YOUR ASSIGNMENT — Below are entries. Give back exactly the lines from the one containing "1372 Indianola Ave - Photo 2 of 5" through the one containing "Ministry of Foreign", inclusive, without the pictures.

DATA EXCERPTS —
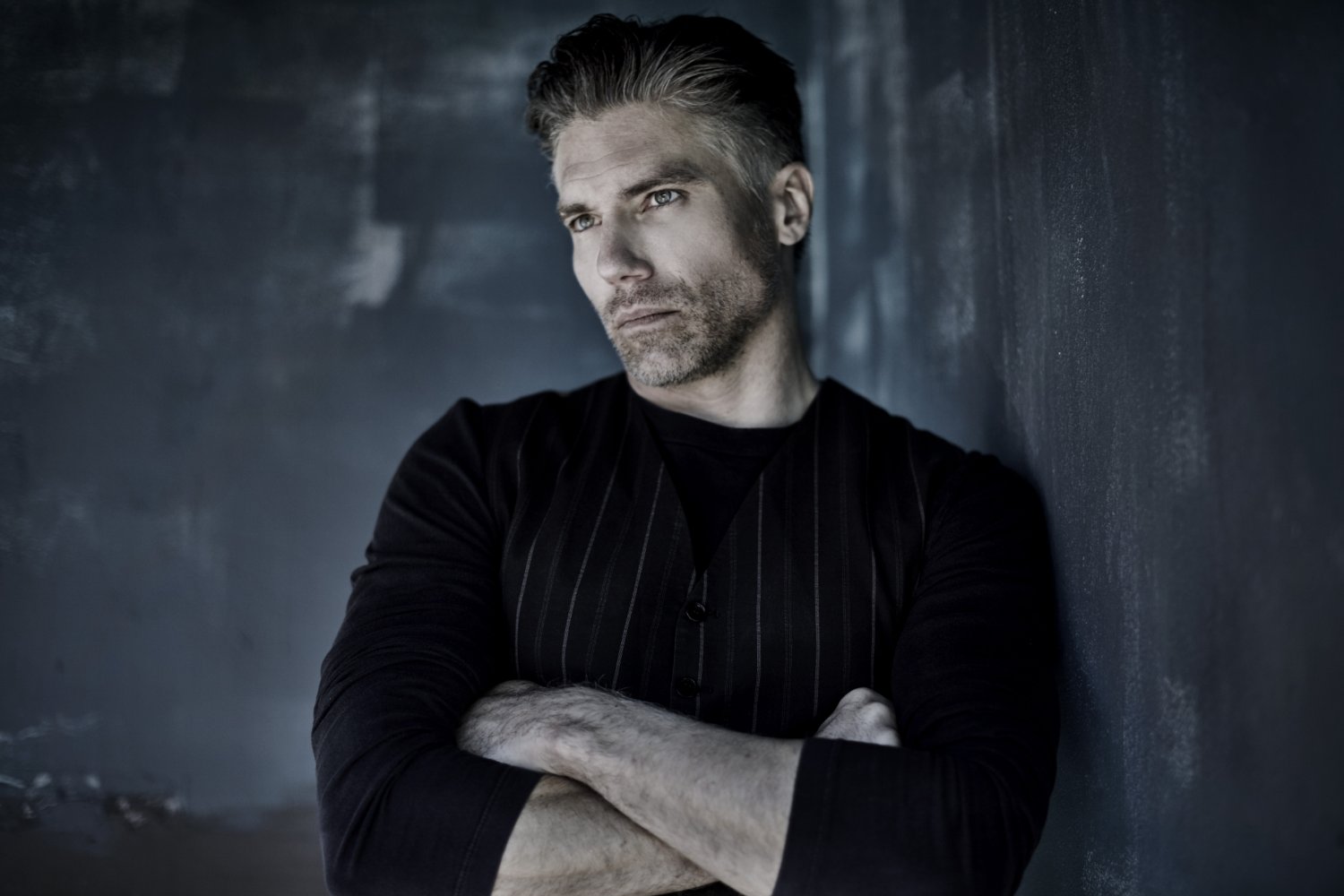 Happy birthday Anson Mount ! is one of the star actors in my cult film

...

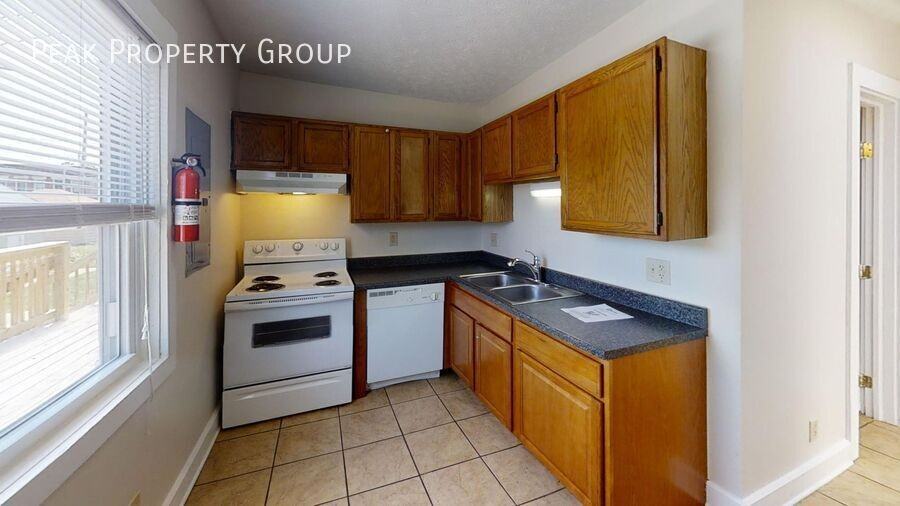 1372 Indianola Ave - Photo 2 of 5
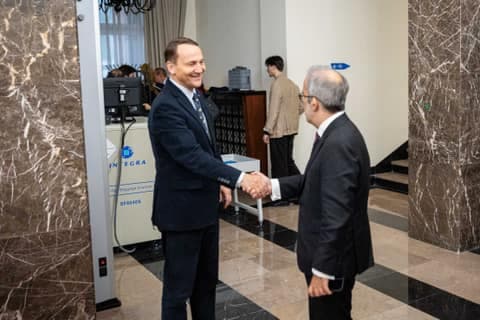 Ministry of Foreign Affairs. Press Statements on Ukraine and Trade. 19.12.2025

PROBLEM SOLUTION —
 1372 Indianola Ave - Photo 2 of 5
 Ministry of Foreign Affairs. Press Statements on Ukraine and Trade. 19.12.2025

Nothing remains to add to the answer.